The data below is to be transcribed word for word; pictures are to be excluded.
*** Block opens ***
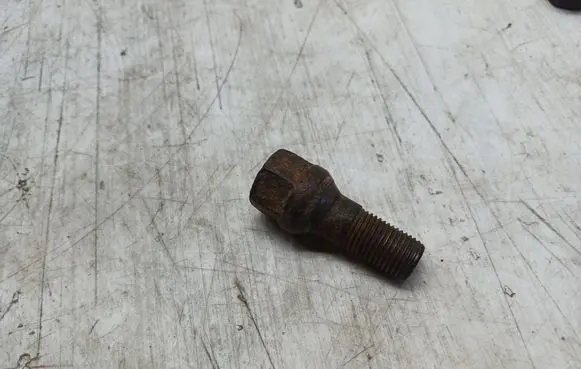 Peugeot Partner Nuts/bolts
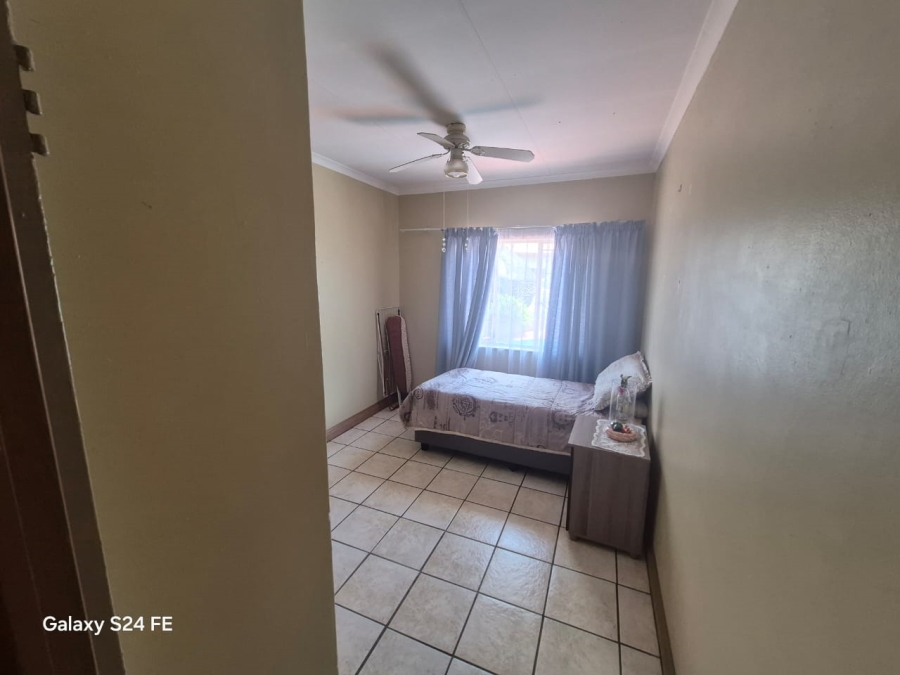 3 Bedroom Property for Sale in Geelhoutpark North West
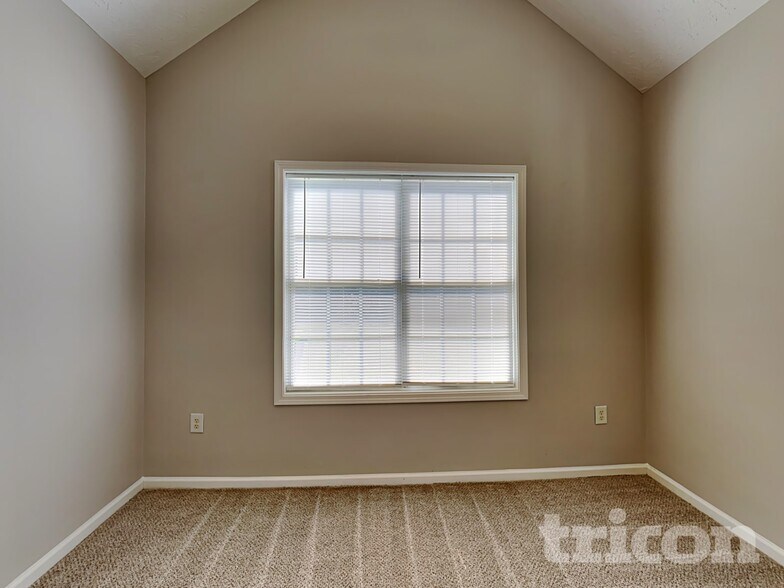 Building Photo - 70 Home Pl Dr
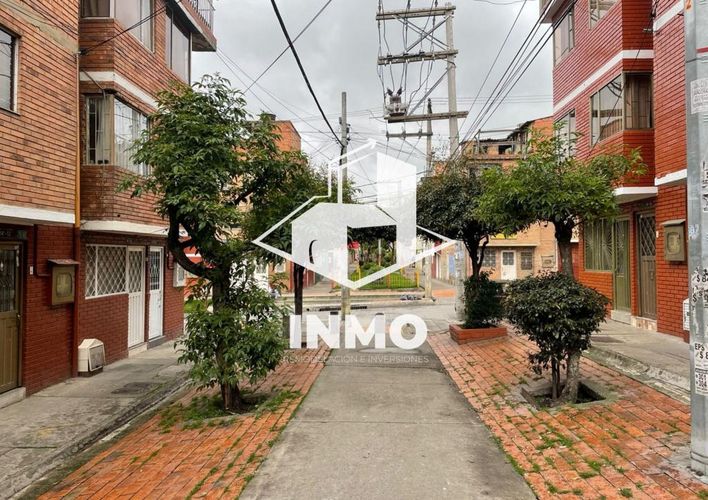 Casa de 3 alcobas en venta en Aurora Et. I, Bogotá, 100 m² · foto 2 de 20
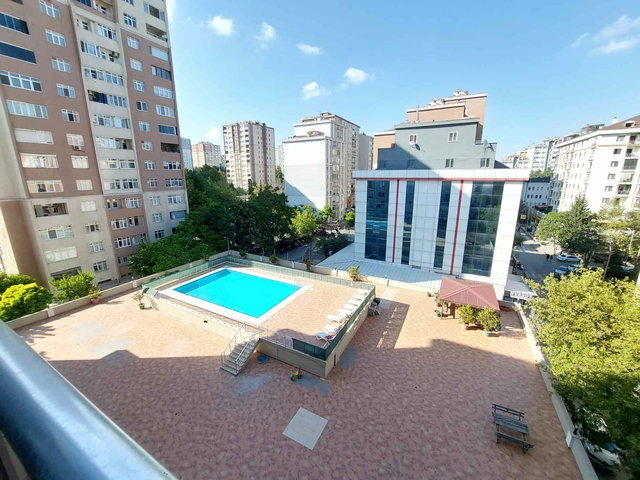 BEYLİKDÜZÜ EN İYİ LOKASYONDA KÖŞE 2+1 KAPALI MUTFAK DAİRE
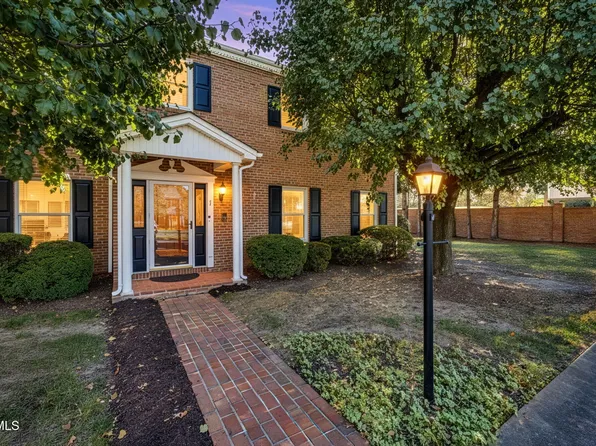 2734 Oakland Ave #A1, Johnson City, TN 37601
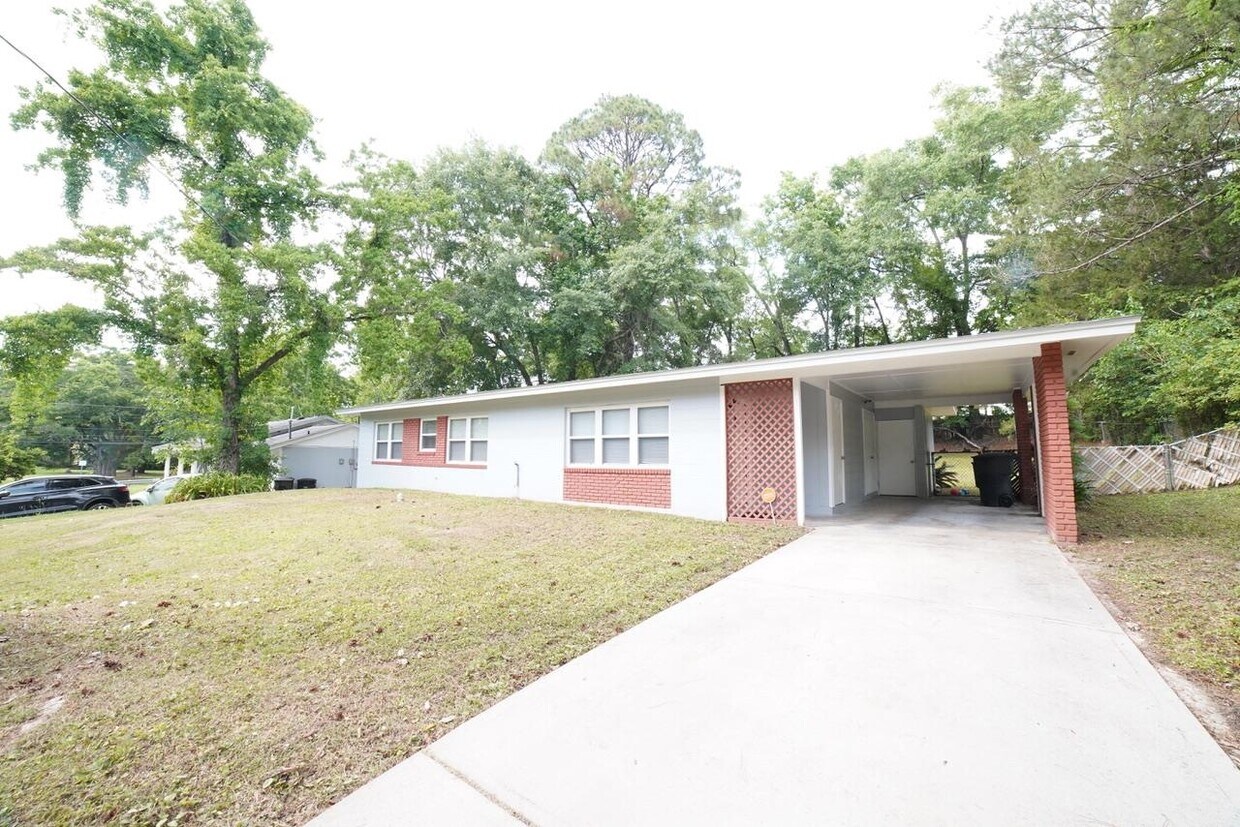 Foto principal - 2317 Tupelo Terrace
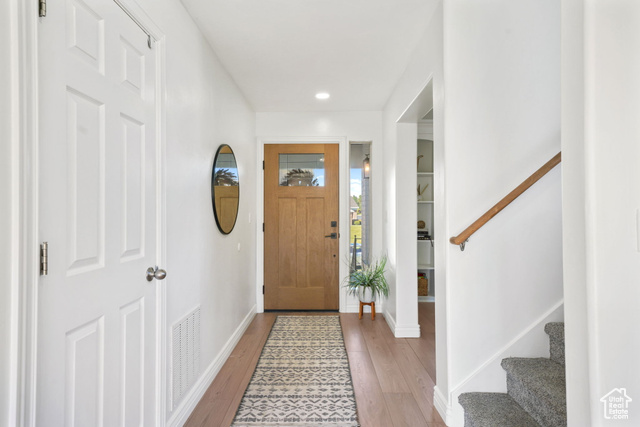 Photo 4 for MLS #2116926 at 2181 W Foxtrail Dr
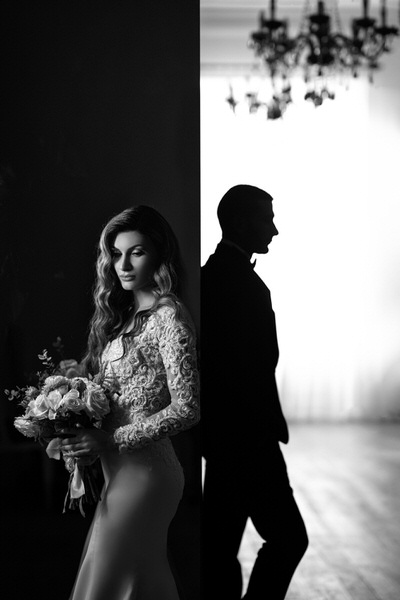 Photograph John Makris Opposites on One Eyeland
*** Block closes ***
YOUR RESPONSE |
 Peugeot Partner Nuts/bolts
 3 Bedroom Property for Sale in Geelhoutpark North West
 Building Photo - 70 Home Pl Dr
 Casa de 3 alcobas en venta en Aurora Et. I, Bogotá, 100 m² · foto 2 de 20
 BEYLİKDÜZÜ EN İYİ LOKASYONDA KÖŞE 2+1 KAPALI MUTFAK DAİRE
 2734 Oakland Ave #A1, Johnson City, TN 37601
 Foto principal - 2317 Tupelo Terrace
 Photo 4 for MLS #2116926 at 2181 W Foxtrail Dr
 Photograph John Makris Opposites on One Eyeland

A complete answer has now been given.